Monthly Archives: February 2010

Yellow Suckmarine

What’s short, goofy, and full of semen?

Yellow Submarine

Robert Zemekis has announced plans to resurrect the botched abortion known as Yellow Submarine, promising a brand new, computer animated 3D eyesore. If you remember, after the abominable movie HELP! was unleashed on the public, it was followed by the putrid Magical Mystery Tour, which received incredibly warm reviews, such as this one by the Guardian:

“a kind of fantasy morality play about the grossness and warmth and stupidity of the audience”.

The beatles themselves wanted no part in creating another disastrous cinematic offense. The idea of being involved with this lame new project sounded even less appealing to them than their music does to a normal human being. Unfortunately for all of us, United Artists still had the Fab ones firmly by their pink submarines, and ultimately they had little choice but to step aside and allow another brightly coloured turd to be dropped into the septic tank of beatlemania.

The resulting film was an aimless plot revolving around music written to torture children while assaulting you with spastic, gaudy animation. It has since captured the hearts and minds(?) of deluded fans across the globe…what a surprise.

Due to the bewildering success of the beatles Rock Band game, beatlemart has decided to up the ante again. No longer satisfied with merely repackaging and re-releasing the same albums and DVDs three to four times a year while merchandising their likeness on everything from bath toys to geriatric diapers, they’ve decided to not only dig up and re-release this abysmal celluloid black hole but to remake it as a capture animation Disney movie.

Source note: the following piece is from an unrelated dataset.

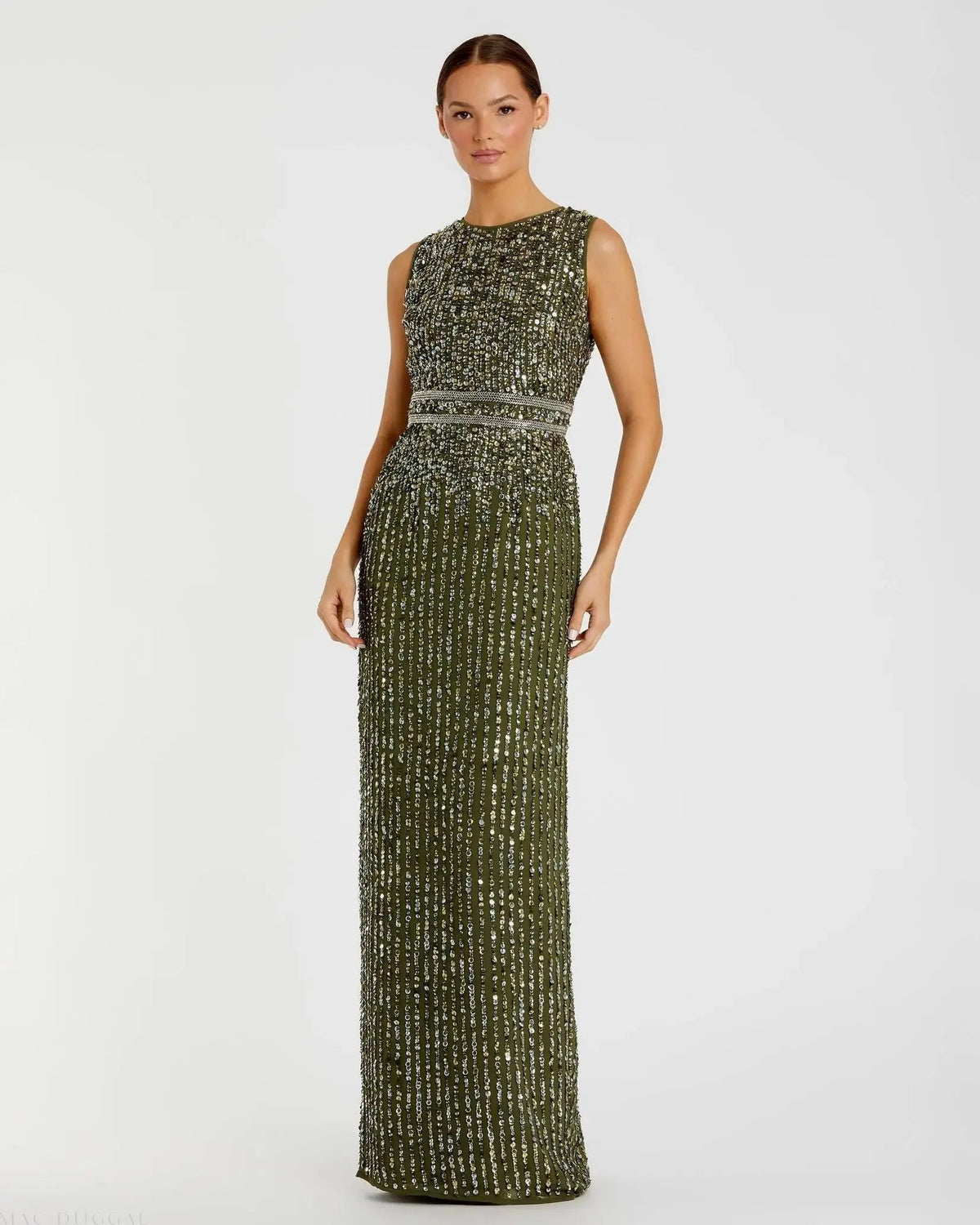 Green Sequined High Neck Sleeveless Column Gown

The fans are up in arms; disgusted and appalled that anyone would dare to mess with this masterpiece. They are sure to voice their complaints by lining up overnight for tickets, which will be viciously torn in half…by the ticket taker. The stubs will be violently… sealed in plastic and stored haphazardly beside collectibles which hold the lowest place of honour in their MopTop shrines, the Ringo Starr toilet brush and the McCartney radium based wart remover.